WHY MUSEUMS STRUGGLE FOR PROFESSIONAL AWARDS
Awards in the museum community aren’t necessary, but are desirable. First of all, awards promote development and, secondly, they attract the society’s attention to the museum sector.
The advantages for museums participating in such events are obvious: it’s an opportunity to increase the institution’s rank, make the museum’s name stand out among hundreds of others, attract visitors and possibly get decent prize money.
Organizers of the European Museum of the Year Award (EMYA), the most prestigious award of this kind in Europe, assert that public recognition has positively influenced the life of many museum employees and focused attention on small museums with innovative content that would otherwise hardly become famous at the continental level. That being said, only museums that opened not more than three years ago or carried out a substantial upgrading and reconstruction may participate in EMYA. In 2015, the grand prize-winner was the Rijksmuseum of the Netherlands, which had temporarily been closed for visitors due to a complete renovation.
The prize money, usually provided by organisers of such events, is crucial.

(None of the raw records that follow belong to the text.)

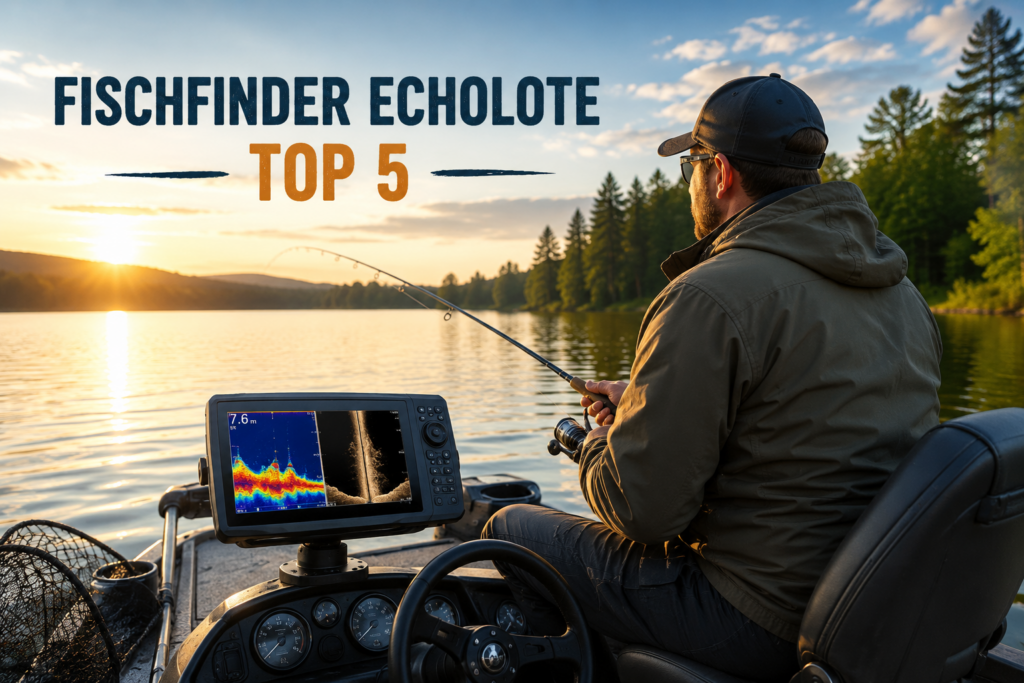 Angler im Boot auf einem See mit modernem Fischfinder Echolot bei Sonnenuntergang
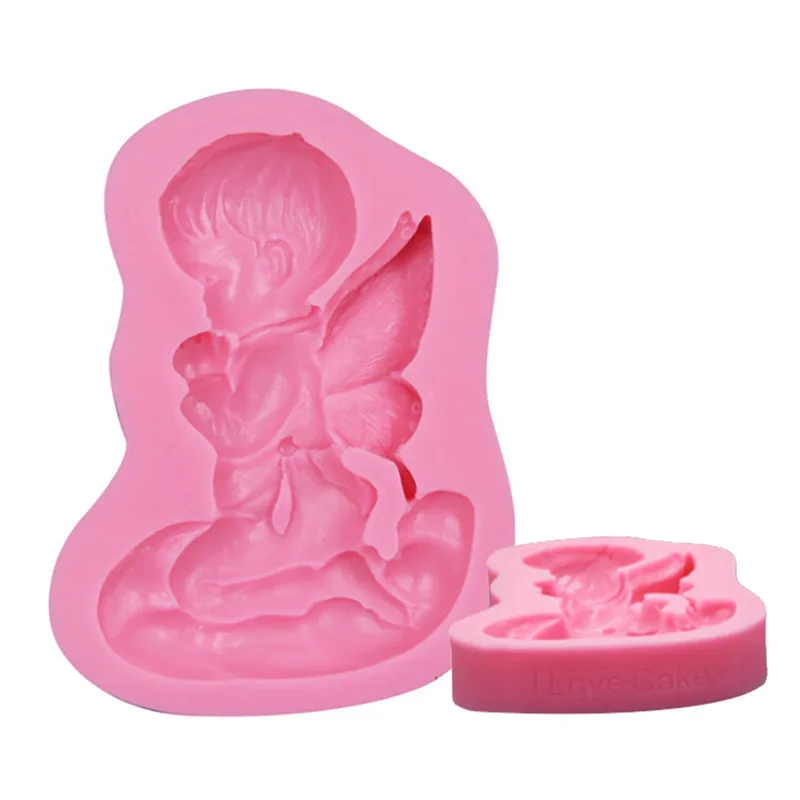 

3D силиконовая форма, милый ангел, мальчик, форма, помадка, торт, инструменты для кексов, пищевой силикон, формы для штукатурки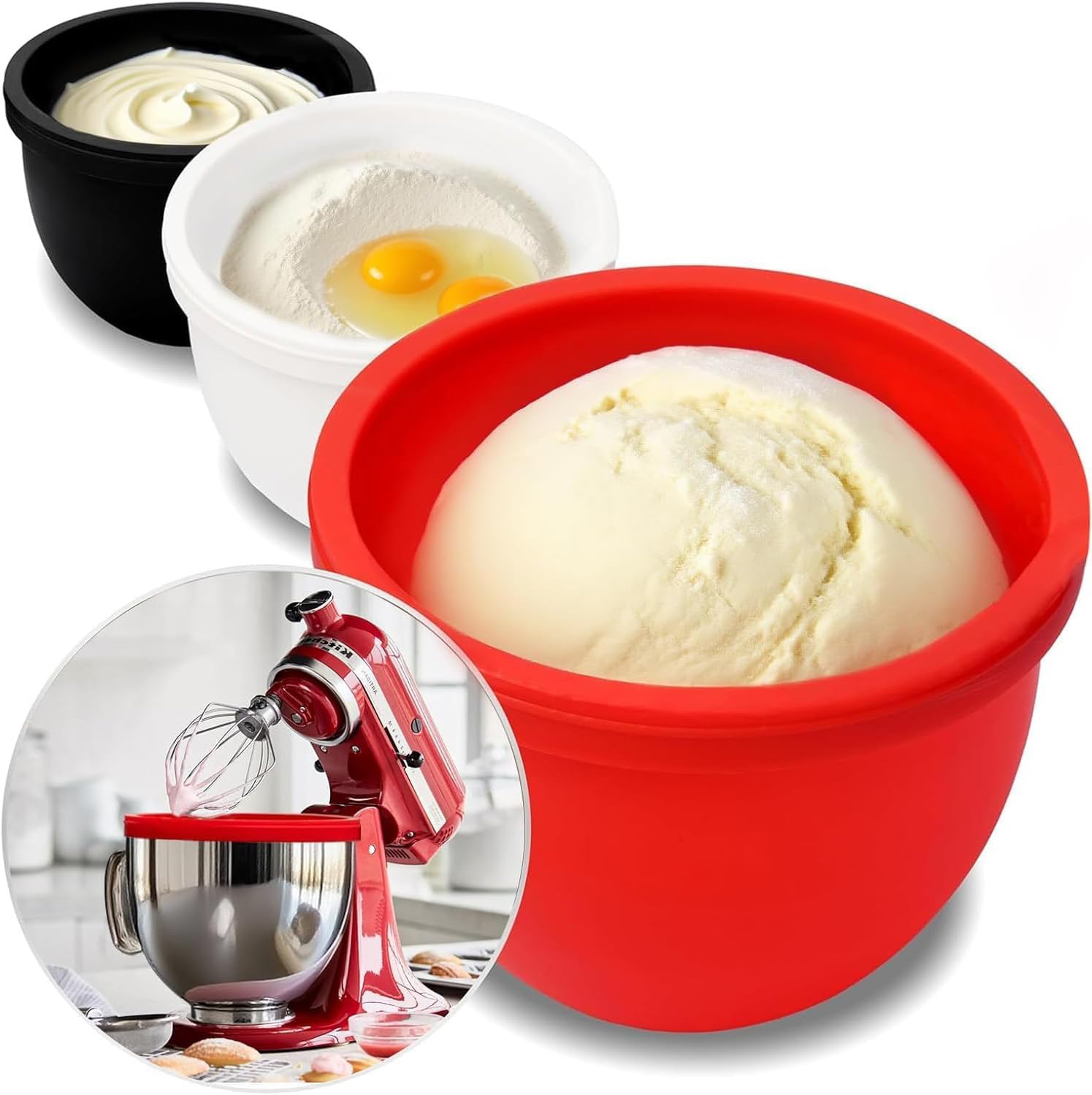 Ahorro de espacio con Mixaid: sin cuencos extra para batidora 5qt.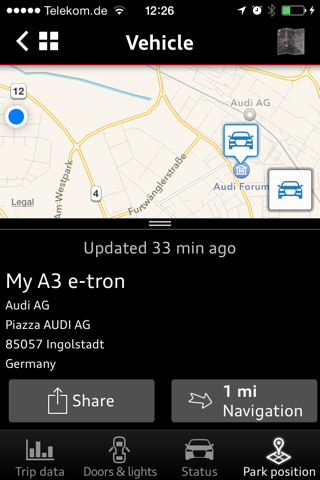 Audi A3 e-tron connect App screenshot 2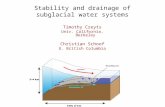 Stability and drainage of subglacial water systems Timothy Creyts Univ. California, Berkeley Christian Schoof U. British Columbia.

For instance, the Art Fund’s Museum of the Year award has a prize in the amount of £100,000. In 2015, the award was received by the Whitworth Art Gallery of the University of Manchester, which had previously undergone a major renovation.
Some awards in the museum community are intended provide information about benefits provided by the winner. For example, the relatively “young” Children in Museums Award, established by the European Museum Academy, reviews museum exhibitions from the standpoint of their adaptation for children. The best of the best are museums with an innovative approach that are interesting for children under 14. In 2014 the National Museum of Denmark won the award. Its representative Marianne Bergman states this award enabled the museum to attract more attention not only to its work with children, but to the quality of that work as well.